While curbs on cryptocurrencies are likely to expand in most Asian economies over the next five years, according to a February 2022 Economist Intelligence report, market watchers may already feel the mood shifting.

That’s because, while tighter regulations are forecast, “indirect clamp-downs” remain a popular measure employed by country leaders while they mull over policy.

These indirect measures include higher tax and scrutiny applied to cryptocurrency earnings. The Indian government for example has implemented a 30 percent tax on cryptocurrency income, even as it has not opted for an outright ban.

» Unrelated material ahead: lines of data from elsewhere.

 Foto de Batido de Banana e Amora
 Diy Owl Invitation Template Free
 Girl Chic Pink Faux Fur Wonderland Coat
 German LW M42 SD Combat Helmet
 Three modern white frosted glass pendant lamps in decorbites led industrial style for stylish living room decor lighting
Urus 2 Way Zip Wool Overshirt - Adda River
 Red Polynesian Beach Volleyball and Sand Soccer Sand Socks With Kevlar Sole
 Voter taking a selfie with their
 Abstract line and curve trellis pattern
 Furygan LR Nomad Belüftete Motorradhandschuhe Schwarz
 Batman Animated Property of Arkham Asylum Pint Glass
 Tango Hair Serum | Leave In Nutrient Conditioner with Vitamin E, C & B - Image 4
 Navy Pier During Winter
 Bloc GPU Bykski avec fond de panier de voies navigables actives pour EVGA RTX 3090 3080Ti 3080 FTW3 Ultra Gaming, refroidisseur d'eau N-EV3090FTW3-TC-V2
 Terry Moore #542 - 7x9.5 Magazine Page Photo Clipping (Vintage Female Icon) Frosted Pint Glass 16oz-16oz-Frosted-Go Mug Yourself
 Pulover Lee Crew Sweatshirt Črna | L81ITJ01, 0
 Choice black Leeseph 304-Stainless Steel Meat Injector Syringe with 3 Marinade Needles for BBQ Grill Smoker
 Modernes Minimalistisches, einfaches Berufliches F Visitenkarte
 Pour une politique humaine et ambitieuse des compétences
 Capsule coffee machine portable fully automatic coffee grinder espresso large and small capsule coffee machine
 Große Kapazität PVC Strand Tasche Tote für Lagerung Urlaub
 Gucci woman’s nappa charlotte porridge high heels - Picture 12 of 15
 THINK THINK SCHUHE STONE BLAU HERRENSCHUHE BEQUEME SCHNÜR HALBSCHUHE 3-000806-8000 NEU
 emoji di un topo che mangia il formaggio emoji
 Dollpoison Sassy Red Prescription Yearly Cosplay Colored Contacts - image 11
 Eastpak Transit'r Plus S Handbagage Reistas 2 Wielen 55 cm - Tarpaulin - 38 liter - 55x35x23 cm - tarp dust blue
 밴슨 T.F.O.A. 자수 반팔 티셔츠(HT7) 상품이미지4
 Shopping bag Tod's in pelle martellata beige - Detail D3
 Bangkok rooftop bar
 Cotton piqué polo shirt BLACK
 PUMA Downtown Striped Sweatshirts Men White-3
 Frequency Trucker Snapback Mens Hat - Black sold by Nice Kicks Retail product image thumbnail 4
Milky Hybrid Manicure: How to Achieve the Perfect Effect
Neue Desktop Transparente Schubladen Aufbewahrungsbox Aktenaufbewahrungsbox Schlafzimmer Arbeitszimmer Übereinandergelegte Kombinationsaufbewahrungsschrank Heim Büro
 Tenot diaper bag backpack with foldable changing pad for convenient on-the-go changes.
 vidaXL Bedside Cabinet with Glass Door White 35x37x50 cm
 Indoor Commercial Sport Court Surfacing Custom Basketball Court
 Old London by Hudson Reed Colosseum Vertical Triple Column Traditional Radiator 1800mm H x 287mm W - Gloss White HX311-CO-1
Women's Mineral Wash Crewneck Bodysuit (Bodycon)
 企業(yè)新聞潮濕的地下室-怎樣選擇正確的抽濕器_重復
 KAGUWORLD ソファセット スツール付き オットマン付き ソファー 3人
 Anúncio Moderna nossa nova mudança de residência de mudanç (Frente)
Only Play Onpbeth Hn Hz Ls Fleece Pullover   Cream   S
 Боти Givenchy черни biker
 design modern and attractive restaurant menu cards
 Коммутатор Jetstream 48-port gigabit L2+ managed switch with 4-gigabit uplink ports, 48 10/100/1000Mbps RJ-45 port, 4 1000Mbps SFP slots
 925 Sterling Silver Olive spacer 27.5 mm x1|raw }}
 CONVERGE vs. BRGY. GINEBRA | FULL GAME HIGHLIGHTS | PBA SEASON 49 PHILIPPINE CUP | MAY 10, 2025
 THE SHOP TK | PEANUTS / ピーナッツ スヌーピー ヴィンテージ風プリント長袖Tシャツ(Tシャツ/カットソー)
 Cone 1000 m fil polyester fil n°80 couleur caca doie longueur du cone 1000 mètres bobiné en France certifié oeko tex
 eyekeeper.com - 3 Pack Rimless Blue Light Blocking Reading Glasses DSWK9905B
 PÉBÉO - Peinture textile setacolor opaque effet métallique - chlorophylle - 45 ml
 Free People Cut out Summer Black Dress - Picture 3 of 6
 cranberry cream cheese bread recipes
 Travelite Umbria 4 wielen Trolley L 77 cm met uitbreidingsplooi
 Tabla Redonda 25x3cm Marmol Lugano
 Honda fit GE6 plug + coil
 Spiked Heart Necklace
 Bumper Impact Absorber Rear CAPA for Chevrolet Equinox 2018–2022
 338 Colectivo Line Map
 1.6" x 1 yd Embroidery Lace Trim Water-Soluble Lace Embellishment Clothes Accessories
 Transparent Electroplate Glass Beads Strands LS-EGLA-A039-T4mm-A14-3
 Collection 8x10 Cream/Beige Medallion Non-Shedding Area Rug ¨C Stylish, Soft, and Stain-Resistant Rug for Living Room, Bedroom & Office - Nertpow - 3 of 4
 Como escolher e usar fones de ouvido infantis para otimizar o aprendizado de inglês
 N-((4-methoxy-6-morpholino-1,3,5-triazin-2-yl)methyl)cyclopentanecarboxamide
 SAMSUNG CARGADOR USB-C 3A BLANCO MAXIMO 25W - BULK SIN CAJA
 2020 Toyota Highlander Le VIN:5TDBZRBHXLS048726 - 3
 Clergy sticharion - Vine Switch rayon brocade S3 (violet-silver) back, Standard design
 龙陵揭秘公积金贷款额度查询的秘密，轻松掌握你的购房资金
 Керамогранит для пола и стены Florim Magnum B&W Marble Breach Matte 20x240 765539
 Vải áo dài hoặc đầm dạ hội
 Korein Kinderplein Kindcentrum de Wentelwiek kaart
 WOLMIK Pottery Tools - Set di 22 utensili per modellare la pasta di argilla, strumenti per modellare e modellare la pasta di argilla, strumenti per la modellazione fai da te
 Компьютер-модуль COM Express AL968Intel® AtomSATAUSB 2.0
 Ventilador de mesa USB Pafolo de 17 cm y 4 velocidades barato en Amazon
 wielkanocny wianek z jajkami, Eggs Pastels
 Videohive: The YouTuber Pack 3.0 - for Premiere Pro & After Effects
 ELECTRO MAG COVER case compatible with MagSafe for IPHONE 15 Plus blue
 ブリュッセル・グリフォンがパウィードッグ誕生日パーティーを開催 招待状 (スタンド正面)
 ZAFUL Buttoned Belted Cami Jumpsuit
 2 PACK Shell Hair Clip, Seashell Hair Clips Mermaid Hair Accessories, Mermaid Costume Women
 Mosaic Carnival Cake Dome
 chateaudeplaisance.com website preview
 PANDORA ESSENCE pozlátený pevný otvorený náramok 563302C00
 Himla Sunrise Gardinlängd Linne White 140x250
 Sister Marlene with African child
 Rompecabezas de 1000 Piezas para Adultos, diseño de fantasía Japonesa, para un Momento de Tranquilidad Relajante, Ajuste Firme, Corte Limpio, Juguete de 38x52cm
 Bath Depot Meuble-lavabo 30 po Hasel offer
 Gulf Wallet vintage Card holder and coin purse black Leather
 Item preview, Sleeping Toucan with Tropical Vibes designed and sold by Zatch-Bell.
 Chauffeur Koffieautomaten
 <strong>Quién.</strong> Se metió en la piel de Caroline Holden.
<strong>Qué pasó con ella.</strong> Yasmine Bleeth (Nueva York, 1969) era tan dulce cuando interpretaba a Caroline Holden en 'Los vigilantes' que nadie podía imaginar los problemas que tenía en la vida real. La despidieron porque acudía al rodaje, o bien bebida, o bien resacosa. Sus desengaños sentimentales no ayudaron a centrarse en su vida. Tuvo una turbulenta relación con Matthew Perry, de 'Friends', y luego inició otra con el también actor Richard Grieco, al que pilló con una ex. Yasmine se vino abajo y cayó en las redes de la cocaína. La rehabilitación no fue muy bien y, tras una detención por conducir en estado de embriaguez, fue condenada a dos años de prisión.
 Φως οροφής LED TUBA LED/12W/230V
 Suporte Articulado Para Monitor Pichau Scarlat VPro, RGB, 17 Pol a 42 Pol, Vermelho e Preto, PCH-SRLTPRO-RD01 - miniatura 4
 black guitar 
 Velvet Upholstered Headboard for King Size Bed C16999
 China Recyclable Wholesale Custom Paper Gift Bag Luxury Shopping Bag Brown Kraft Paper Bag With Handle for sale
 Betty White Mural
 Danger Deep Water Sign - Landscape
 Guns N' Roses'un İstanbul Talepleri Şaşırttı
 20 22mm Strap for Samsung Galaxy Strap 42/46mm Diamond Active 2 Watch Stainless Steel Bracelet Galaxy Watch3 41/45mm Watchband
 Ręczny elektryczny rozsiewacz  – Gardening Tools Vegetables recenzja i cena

South Korea, meanwhile, has delayed its proposed 20 percent tax on cryptocurrencies of more than 2.5 million won ($2,105) until January 2023.

While Singapore, with its comparatively clear regulatory environment, is a popular choice for cryptocurrency companies, there are indications further scrutiny is on the horizon.

Last month Singapore’s Monetary Authority of Singapore (MAS) issued guidelines that limit cryptocurrency trading service providers promoting services to the public. Meanwhile, authorities continue to voice warnings about the risk of cryptocurrencies.

In Hong Kong, Michael Wong, partner at Dechert, says that Hong Kong regulators, specifically the Securities and Futures Commission (SFC) and the Hong Kong Monetary Authority (HKMA), are closely examining potential risks around virtual assets and are “attempting to close existing legal and regulatory loopholes in the system by introducing new regulatory and licensing regimes to cover a broader range of virtual assets related activities.”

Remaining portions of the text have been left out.